Glorfindel knows that Elrohir’s eyes are on him, and he makes sure to smile.

Even so, Elrohir’s jaw clenches. He sits cross-legged, his back against the mizzen, with a lapful of coiled hithlain and the gentle northern sun pouring gold over his craggy hair. That morning Galdor set him to unlaying rope for splicing, but now the marlinspike stills in his white-knuckled grip. The red-sailed Corsair ship will haunt him for a long time yet.

Galdor sees it, too. “This one is good news, lad!” he says with a grin, and bends down to relieve Elrohir of both spike and cordage. “Come and see for yourself!”

Galdor leads Elrohir up aloft, to the topmost yard, so he can see the Elf-ship with his own eyes.

Elrohir carefully heaves himself up onto the yard behind Galdor’s loose and easy leap. For a moment he crouches upon it to steady himself, leaning his weight against the mast as the ship heels and the waves roll white-capped far beneath.

A few weeks ago he would have been stuck there, the memory of his plunge into the sea too fresh to dare the walk along the spar. Galdor has been patient, encouraging, and just enough of a playful tease to coax Elrohir into braving the walk, first along the lower yard with canvas strung beneath to catch him if he should fall. It did not take long, and now - be it with great care and no Falathrim flourishes whatsoever - Elrohir follows Galdor down the length of the yard and sits down beside him, winding his toes into the footrope to steady himself there.

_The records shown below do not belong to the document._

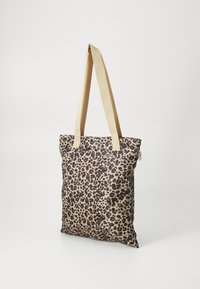 Borsa a tracolla con stampa leopardata realizzata in tessuto, con uno sfondo beige e macchie marroni e nere, e robuste tracolle beige.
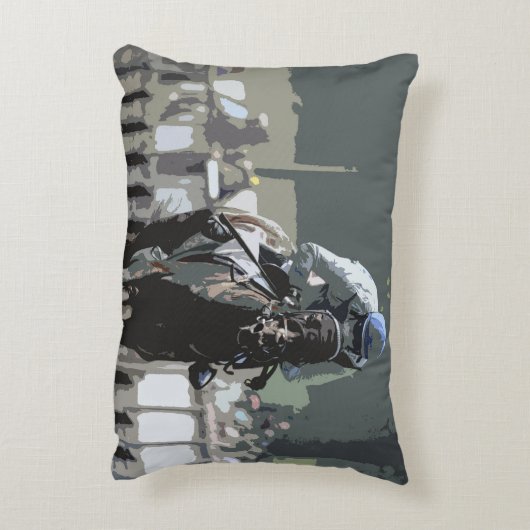 青アクセント枕の騎手を持つ競走馬 アクセントクッション (裏面(縦))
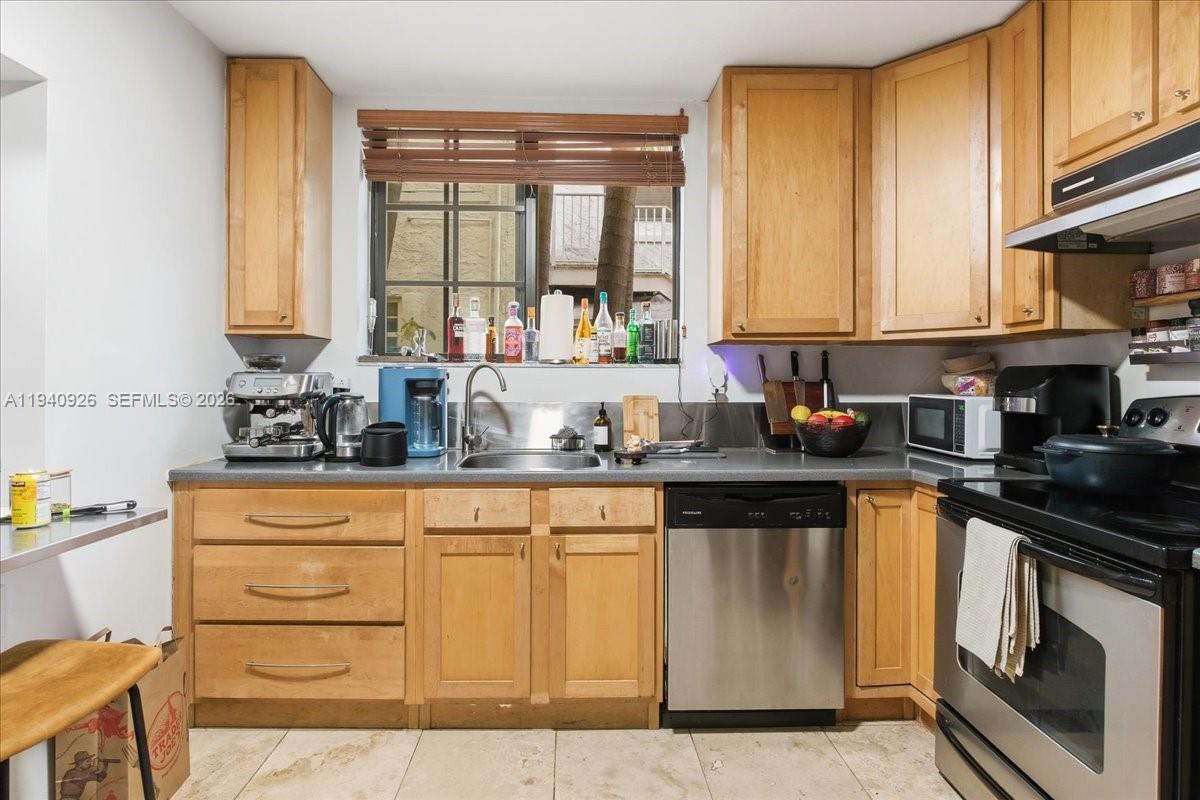 LINCOLN SUB - Residential Income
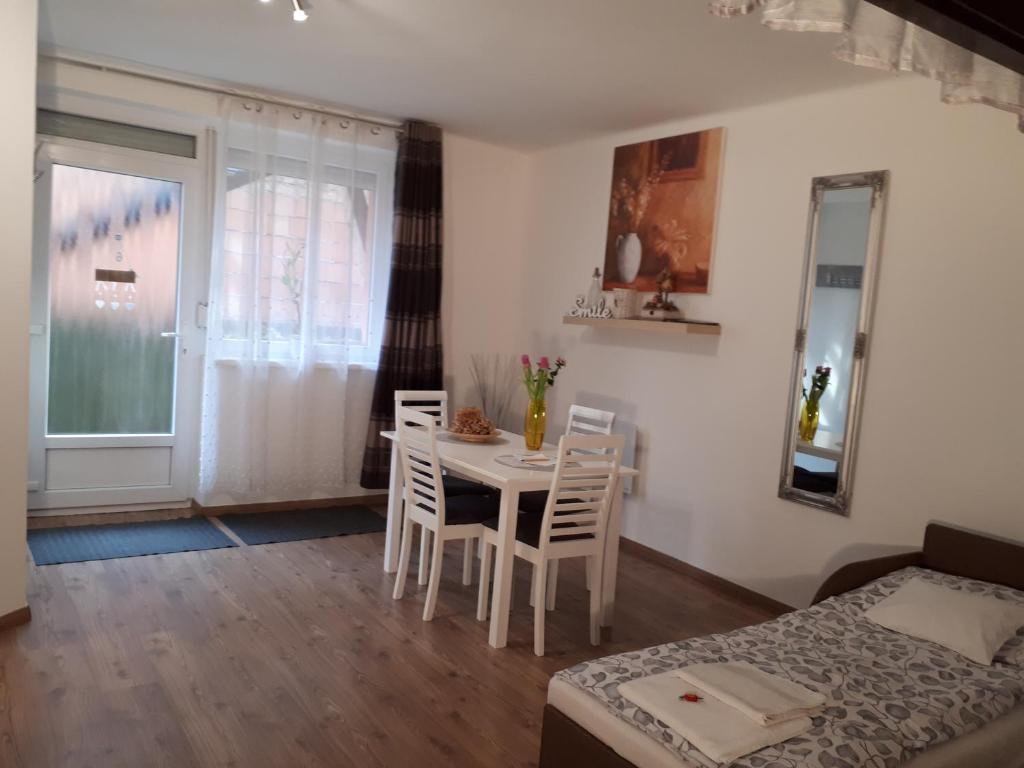 Fotografie z fotogalerie ubytování Mini Vendégház Budaörs v destinaci Budaörs
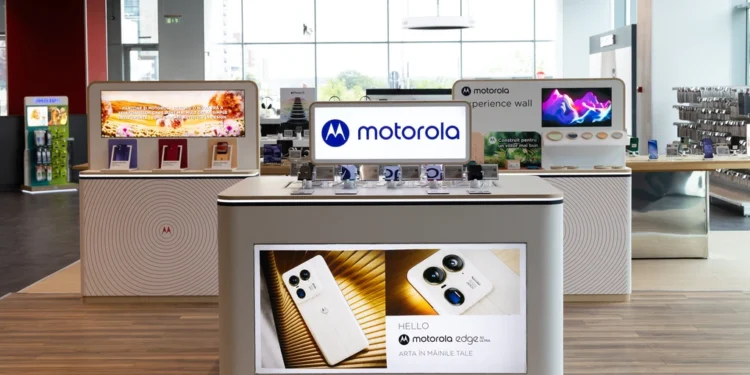 Motorola și-a consolidează prezența în România: 1 din 10 telefoane vândute sunt Motorola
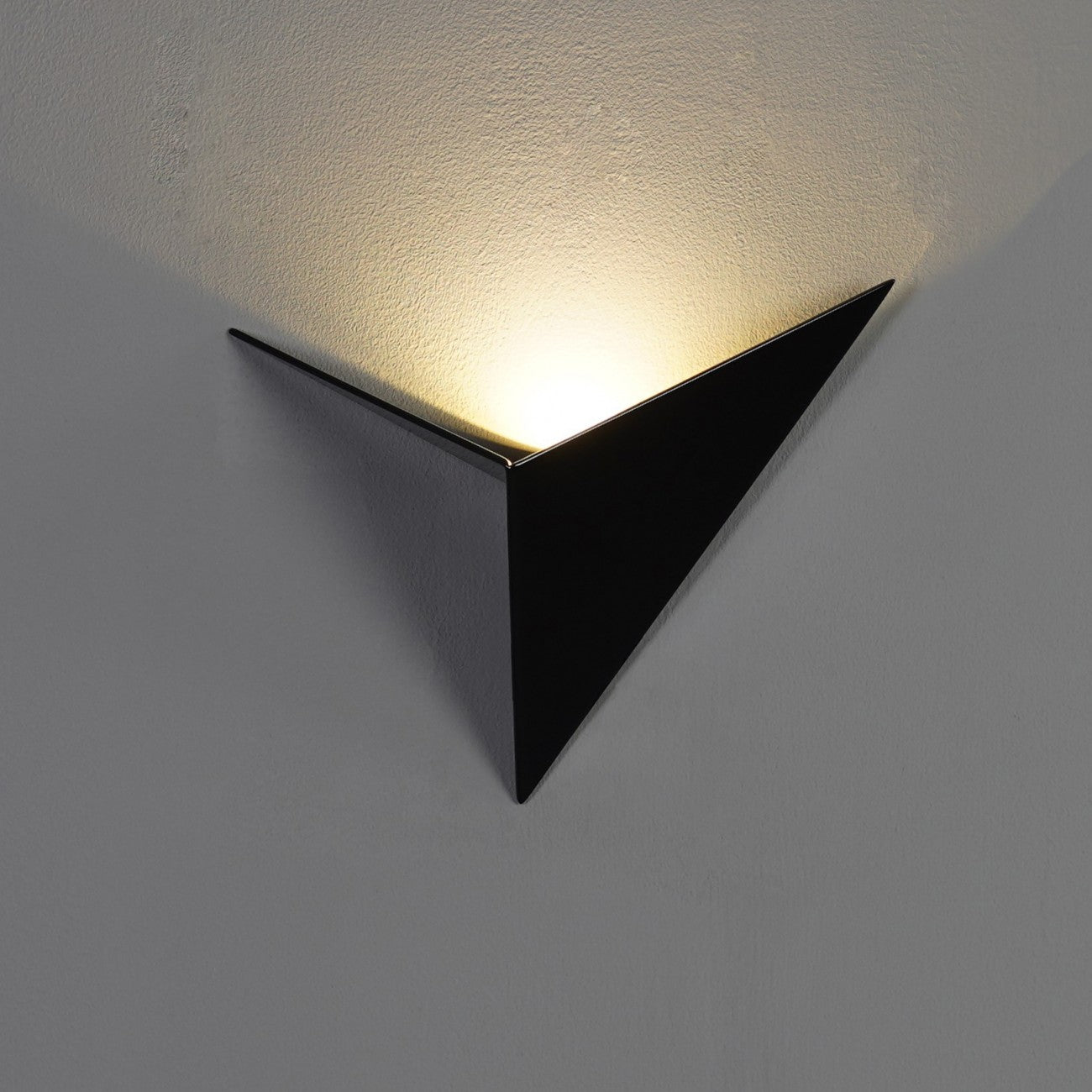 Artistic Slim Trigon Wall Lamp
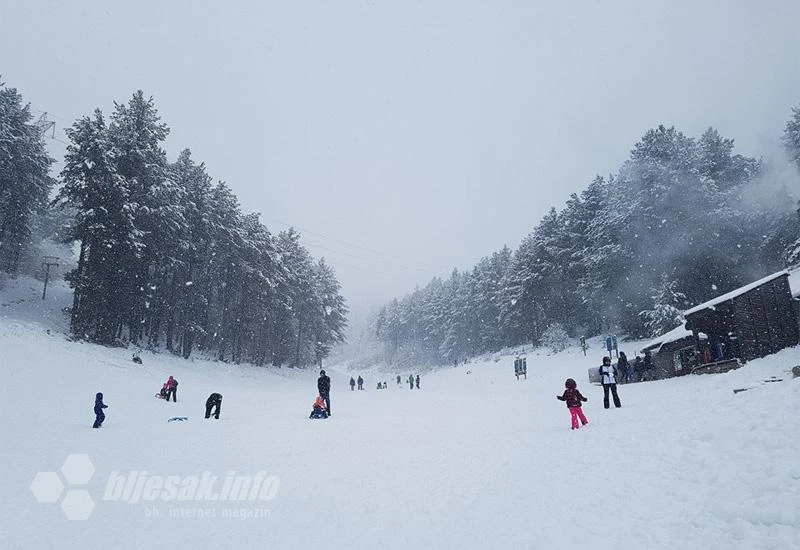 Rujište: Snježna idila privlači mnogobrojne turiste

Glorfindel pulls himself up the shrouds behind them.The three of them crowd on the narrow yard, and despite everything Glorfindel savours the thrill of riding wind and waves high above the swell.

The summer day is bright as a jewel, with foam flying before the Nemir’s swan-white bow as the hills of Lindon go speeding past. Beneath them the Gulf of Lune spreads like a dancing weave of azure and silver and that deep green of sea-glass. Dolphins leap by ship's bow, greeted like old friends by the crew, and a cloud of white seabirds trails in her wake.

The distant ship is little more than an outline, her proud masts drawn sharply against the sea’s blue shimmer.

Any sea-farer would know that shape, and Glorfindel laughs out loud for the sheer joy of it.

Círdan’s own four-master, the Laegrist, sails tall as white clouds against the sky, the light glinting star-bright off the pale wood of her outstretched wings. 

 

----

 

“Ship ahead. Due west, captain!”

Elrond is on the quarterdeck, surrounded by the grey-clad cluster of Círdan’s officers when the call rings down  from the crow’s nest.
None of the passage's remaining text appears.